武田百合子さんプロフィールUP

http://www.geocities.co.jp/Bookend-Yasunari/1951/Yuriko_Takeda/profile.htmlの転載です。今後はそちらで加筆修正していきます。


武田百合子さん

 夫で、武田泰淳という高名な作家(『ひかりごけ』や『富士』という小説が有名)が亡くなったあと、日記を発表した。その『富士日記』が評判になって、旅行記やエッセイを書いた。物書きとしてのデビューは51歳。

 百合子さんの文章はなんだか他にないもので、魅了される人が後を絶たない。かくいうわたしも高校生のときに出会い、夢中になった。



略 歴

 1925(大正14)年9月25日、横浜市生まれ。

 翌26年は昭和元年。したがって、昭和年間は昭和の年数と年齢がおなじである。

 昭和6(1931)年、のちに百合子さんについて語ったり、年譜を作成してくださる弟さん・修さんが誕生。

 生家は商業に携わる裕福なお家(うち)だった。

 1943(昭和18)年、横浜第二高等女学校を卒業。

 在学中に、同級生のはじめた同人誌『かひがら』に参加し、詩や文章を投稿。

 当時好きだった作家のひとりは江戸川乱歩


女学生のころを、ずーっと通して、私の一番愛読した本。古本屋で探しては、試験中のことも忘れはてて読み耽った、黒地に金粉をなすりつけたような表紙の××××だらけの本。
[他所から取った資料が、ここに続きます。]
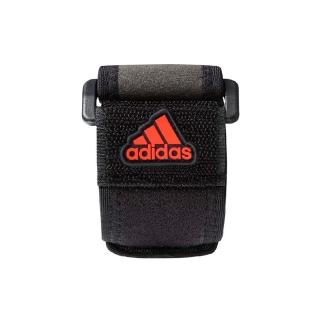 【adidas 愛迪達】護具 運動肘束帶-台灣製 吸濕排汗 愛迪達 黑橘(MB0221)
東京の江戸川乱歩氏邸?(きっと東京にあるにちがいない)の方に向って遥拝。
富士日記』昭和40(1965)年7月29日より(乱歩逝去を知って)


 1945(昭和20)年、太平洋戦争(第二次世界大戦)で自宅を爆撃されるが、「奇跡的に生き延びる」(鈴木修さん『KAWADE夢ムック 文藝別冊 武田百合子』)。
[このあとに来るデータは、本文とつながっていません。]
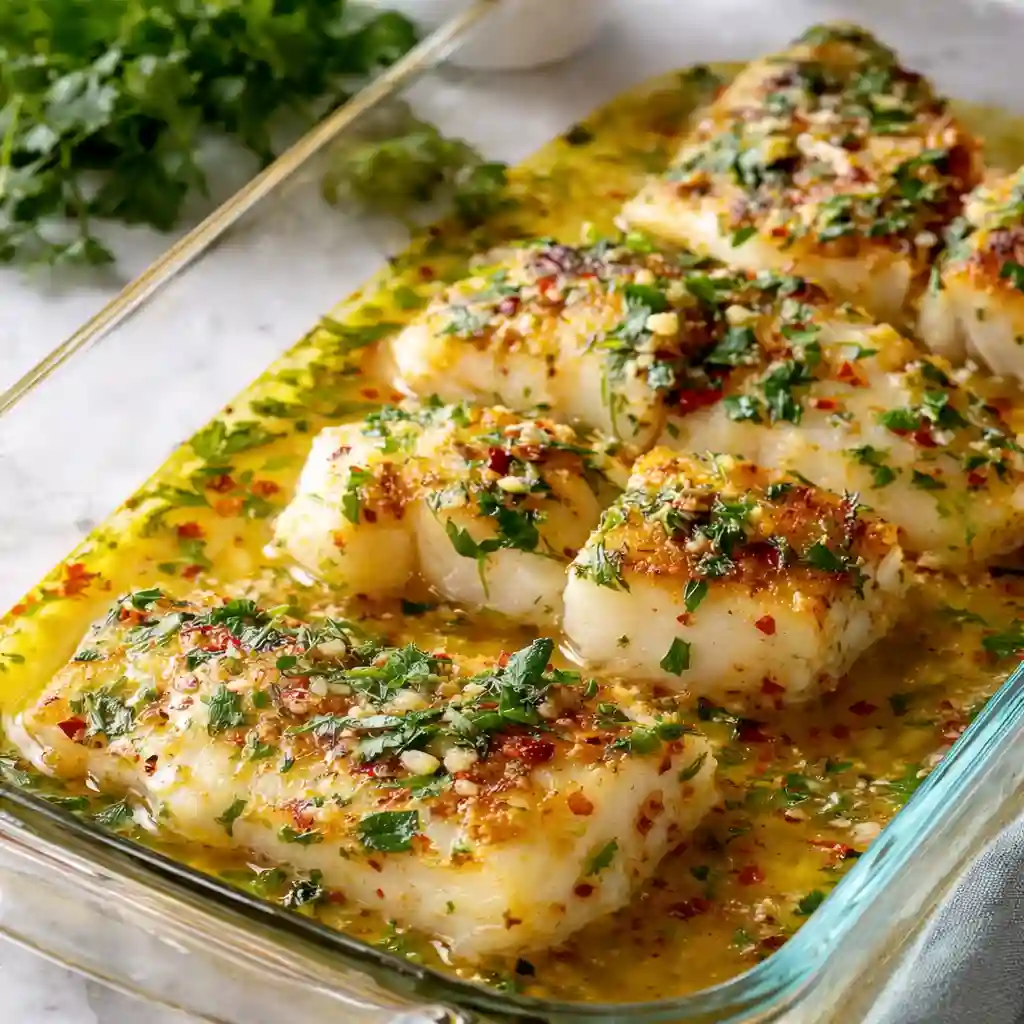 Gluten-Free Mediterranean Baked Cod With Lemon And Garlic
 山梨県都留市田野倉にあった札金温泉(現在は移転?)の「一軒家の鉱泉宿」(同)に疎開


臆病者の二十歳の私は、自害など出来そうもないし、もうじきアメリカ兵が山まで上ってきたら、うわあと泣きながら人身御供になろう、と思った。
「あの頃」より(『遊覧日記』所収)


 横浜に戻ってからは、行商したり、東京の飲食店に勤めたりする。そこで13歳年上の武田泰淳さんと出会い、結婚。旧姓は鈴木であった。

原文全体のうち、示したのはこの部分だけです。